Ich könnte noch die Ausgrabungen auf dem Grundstück Rév-Straße 4 im Nachbarhaus erwähnen, die ebenfalls zwei Jahre dauerten, die Erforschung der in der Fő-Straße ausgegrabenen mittelalterlichen Kirche, die Mühle in Lepence und viele weitere Fundstätten. Mit jedem davon verbinde ich unzählige schöne Erinnerungen. Sehr viele junge Menschen, Studenten und in jüngerer Zeit auch Freiwillige haben an diesen Feldforschungen teilgenommen. Es gibt einige, die seit mehreren Jahren oder sogar Jahrzehnten regelmäßig wiederkommen und denselben Beruf gewählt haben. Aus den Studierenden sind Kollegen geworden, hervorragende Fachleute mit anerkannten Forschungsergebnissen. Ihre berufliche Laufbahn begann, wie in unseren freundschaftlichen Gesprächen oft zur Sprache kommt, am selben Ort und auf dieselbe Weise wie meine: in Visegrád.

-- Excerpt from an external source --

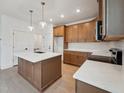 Gourmet kitchen with quartz countertops, a kitchen island, custom cabinets, and modern lighting at 810 Barlow Dr, Knightdale, NC 27545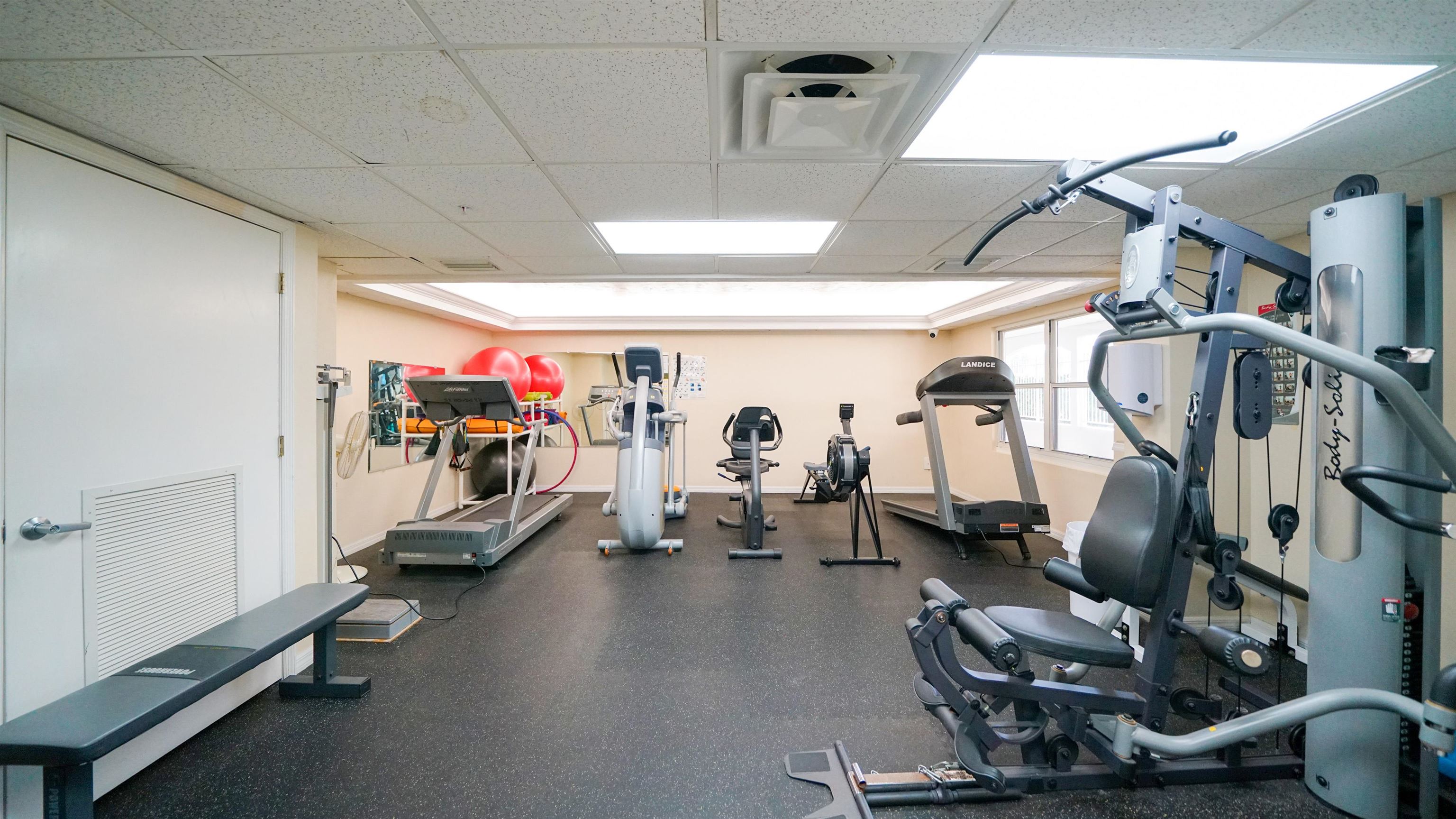 1 John Anderson Drive, Unit 218 Ormond Beach, FL 32176 - Photo 49 of 69 a view of a room with gym equipment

Was machst du, wenn du nicht arbeitest? Welche Hobbys hast du?
Meine Liebe zum Lesen ist unverändert geblieben. In dieser Hinsicht bin ich ein Allesfresser, was Prosa und Lyrik angeht. Vielleicht erlebe ich gerade meine zweite Kindheit, aber besonders faszinieren mich Sagen, Legenden und Mythologien. Diese sammle ich auch; neben ungarischen Volksmärchen ist alles dabei, angefangen bei den Perlen des europäischen Mittelalters und der Folklore über germanische, keltische, griechische und römische Sagen bis hin zu den Schöpfungsmythen des Fernen Ostens oder Nordamerikas. Ich liebe Computerspiele, besonders die Klassiker aus den 70er- und 80er-Jahren. Aber generell bin ich ein großer Fan von allem, was Retro ist. Bei schönem Wetter gehören Ausflüge in die Natur und Wandern zu meinen Lieblingsbeschäftigungen, vor allem in den Regionen Nógrád und Pilis.